Without changing a word, return the listing below, minus its images.

Data segment =
◇ ◇ ◇ ◇ ◇ ◇ ◇
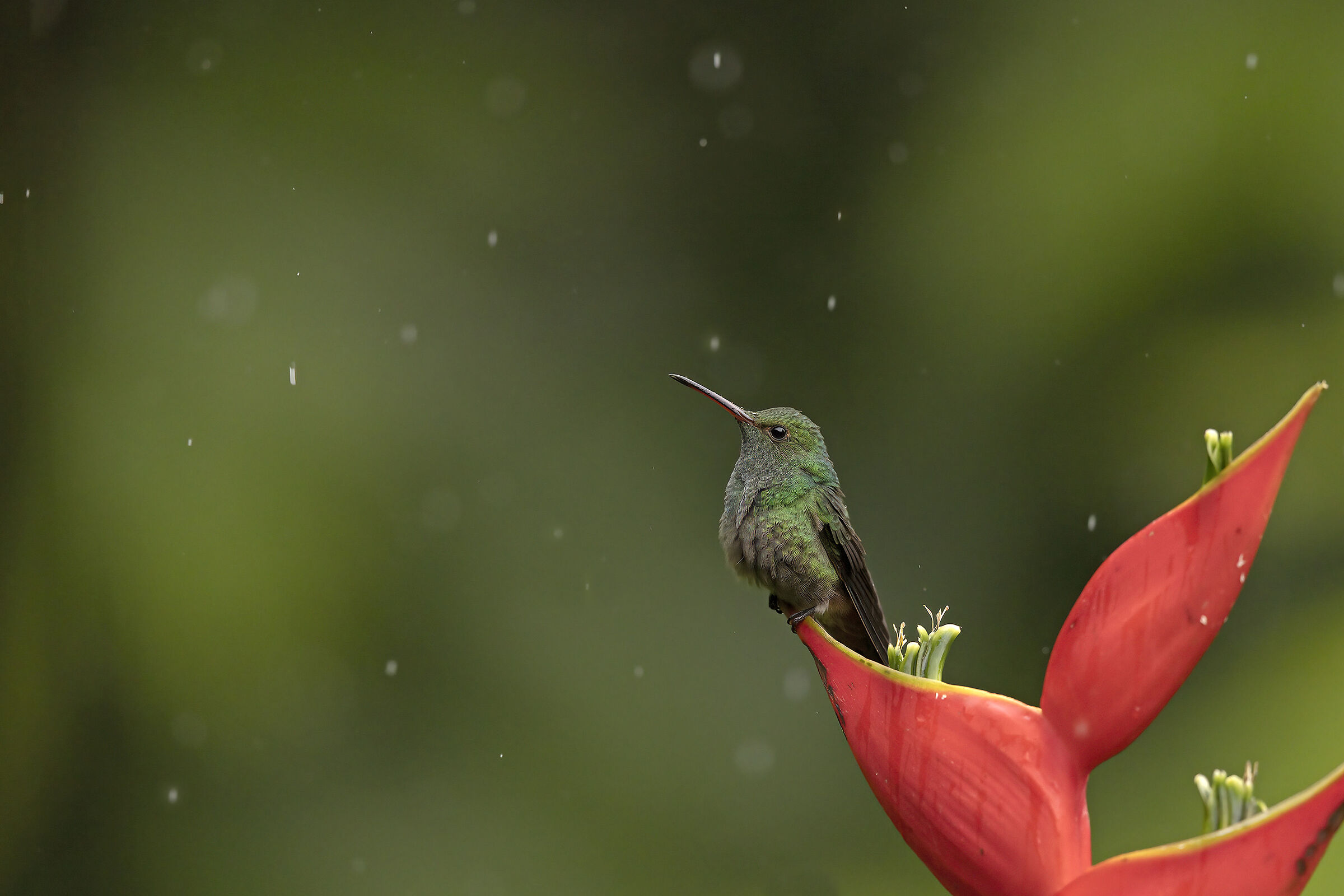 Waiting for it to rain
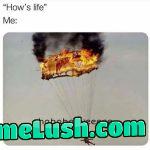 The world these days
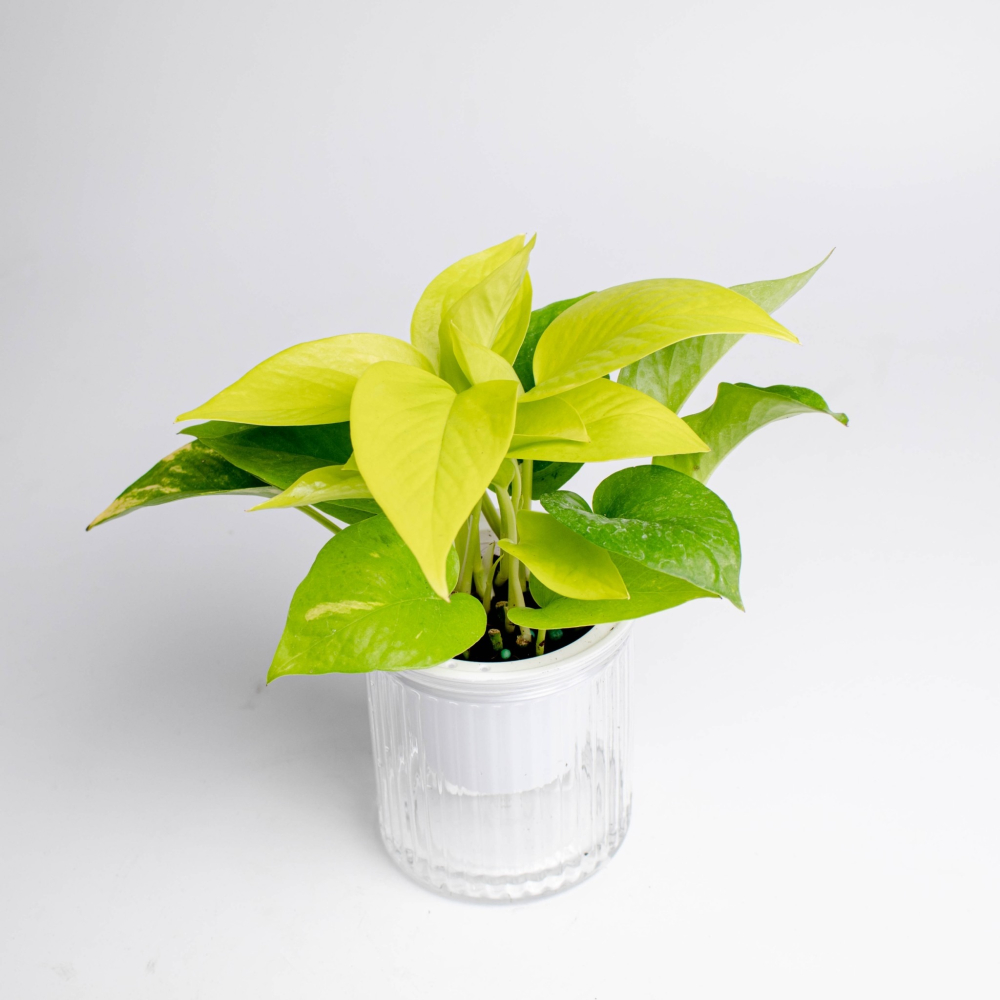 陽光黃金葛 免澆水盆栽 室內植物 觀葉植物 禮物 辦公室小物-細節圖4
◇ ◇ ◇ ◇ ◇ ◇ ◇
Response to the exercise =
 Waiting for it to rain
 The world these days
 陽光黃金葛 免澆水盆栽 室內植物 觀葉植物 禮物 辦公室小物-細節圖4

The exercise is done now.